If it walks like MMT … Adding in the $1.9 trillion American Rescue Plan, Axios Capital put total fiscal stimulus passed by the U.S. government over the past year at $5.3 trillion—a number so enormous it’s almost impossible to comprehend, so here’s one way to look at it: more than $43,000 per U.S. household.
Another Ron rising? 50 years ago, it was Reagan, who knocked out a progressive Democrat to become governor of California and then went on to become a two-term president whose politics heralded a GOP rebirth. Today, Florida Gov. Ron DeSantis has emerged as arguably the most powerful Republican voice other than Trump.

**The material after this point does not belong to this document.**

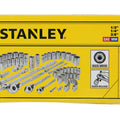 Stanley 64 Piece 1/4", 3/8" & 1/2" Drive Socket Set, Chrome Vanadium, 72-Tooth Ratchet, Case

His star is rising because he kept Florida schools and many of its businesses open during the crisis, helping the state’s economy recover faster, with a per-capita Covid mortality death rate below the national average and well under lockdown states New York, New Jersey and California.
Value’s got Mo The ongoing rotation into value stocks—flows into value-style ETFs over the last 65 trading days were a record—has the trade taking on characteristics of momentum stocks, with significant overlap between the two in auto, banks, materials and energy names. Bernstein notes this has not happened since 2016—the last period of short but meaningful value outperformance.